Adding a House Battery

speedsurfer

Member
If you go with GZ Yeti try and get the 12V charging cable as soon as it's back in stock. It can charge at 5 or 10 amps while your drive, that's 60 or 120W. That way you will need way less solar and everything will be topped off when you park. Just plug it into the back right 12V plug (in my van that is ignition switched) so it will automatically charge when engine on but not when off. That way it won't drain the battery when the van is off. I actually used my starter battery too during my last camping trip by hooking up a foldable 80W panel with inexpensive charge controller to the constant on 12V dash plug. When it's bringing in 30-50W you can run fans or even a fridge without the engine running without worrying about depleting the starter battery. Good luck with your choice, there are pros and cons with both.
https://www.amazon.com/gp/product/B01M5DCPKD/ref=ppx_yo_dt_b_search_asin_title?ie=UTF8&psc=1
https://www.amazon.com/gp/product/B07MVZ777D/ref=ppx_yo_dt_b_search_asin_title?ie=UTF8&psc=1
 

Riverchi

New member
First, thanks to everyone for their input and I went back to my notes for a pros/cons assessment.
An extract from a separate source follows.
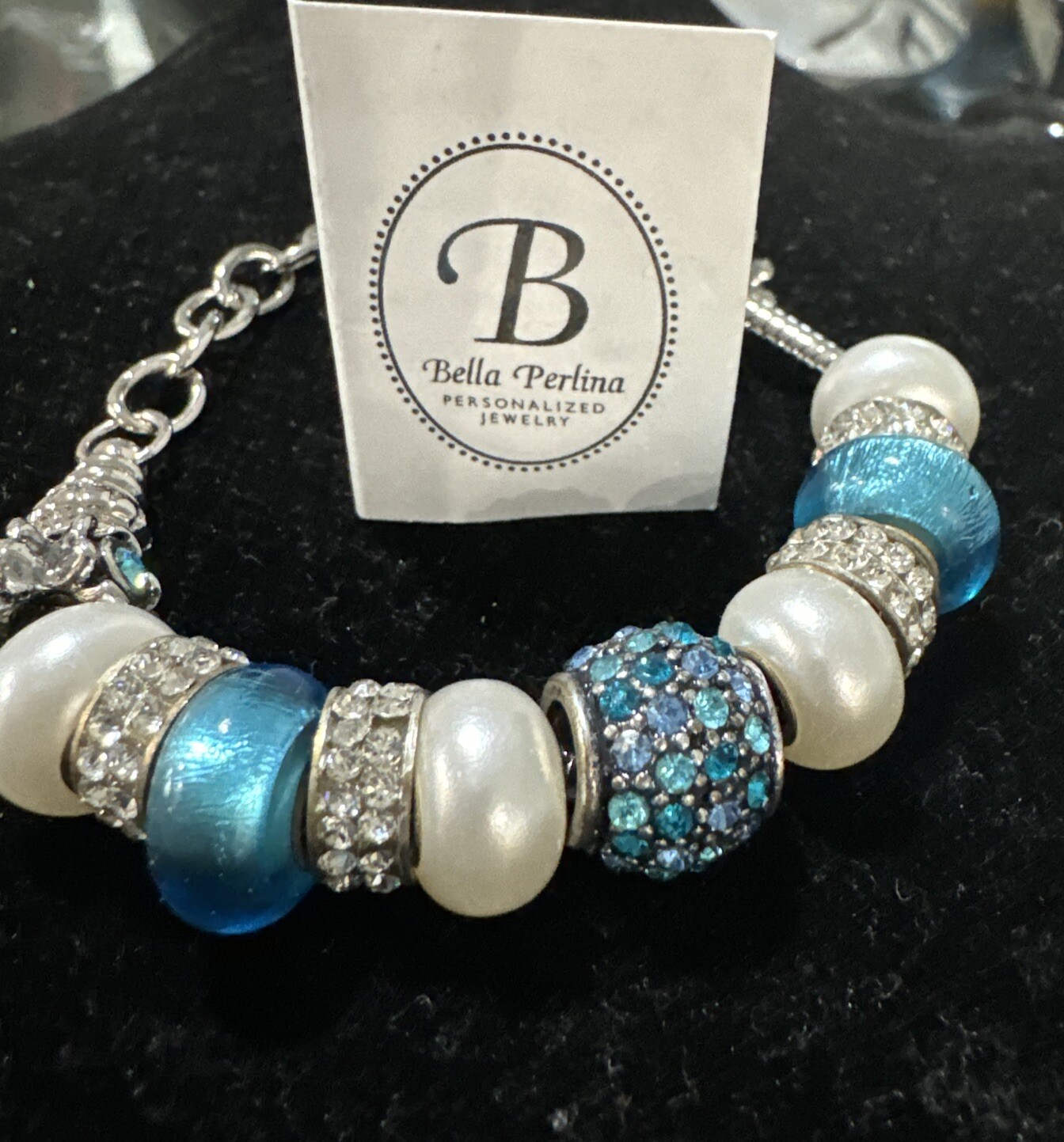 Bella Perlina Charm Bracelet with Aqua & White Beads with Silver Rhinestones $95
Here's a comparison between the two installs I'm considering:

Solar:
1. MB Factory Roof Rails $304
2. Panel direct mount adaptors $234 = (3 X $78)
3. Renology 100W panels $251 (2x115 + shipping)
4. Goal Zero Yeti 1000 - $1000
5. Misc cables, materials and adaptors $100
6. Est 6 hours DIY labor $0 (mostly dropping headliner and installing rails and solar wires)
Solar total $1889 estimated


Underhood battery:
1. Adventure Wagon Battery Tray kit $655 (with ECU + shipping)
2. Full River DC224-6 AGM $580 (2X)
3. Misc cables, materials and adaptors $100
4. Est 3 hours DIY labor (est. kit install)
Battery total: $1335


There are still some economies in the pricing possible above (Hein’s battery tray install may save some and I'm still considering that), but I suspect roughly equal on both sides. So the dual battery install appears about $550 less expensive, requires driving the van some distance every few days at least, has about 45% more usable energy storage and is an easier install. The solar install will likely keep the battery topped off naturally, can recharge battery while driving and will take longer to install. An unknown is whether the roof panels will affect fuel economy - mounted behind the factory rooftop A/C unit - which has an ongoing cost.

Since the primary use of the battery will be on long vacation road trips (lots of charging time) and weekend camping trips (3-day refrigerator energy storage needed), I’m still thinking the dual battery setup makes the most sense. I save money and time upfront and keep everything looking almost stock.

Do you see any holes in my logic?

Regards,
Sean
 

cc_windsurfer

Well-known member
It is going to take hours of driving every day to keep those dual agm's charged. The reason I installed solar is that I don't drive enough to keep the house battery charged when I am on vacation.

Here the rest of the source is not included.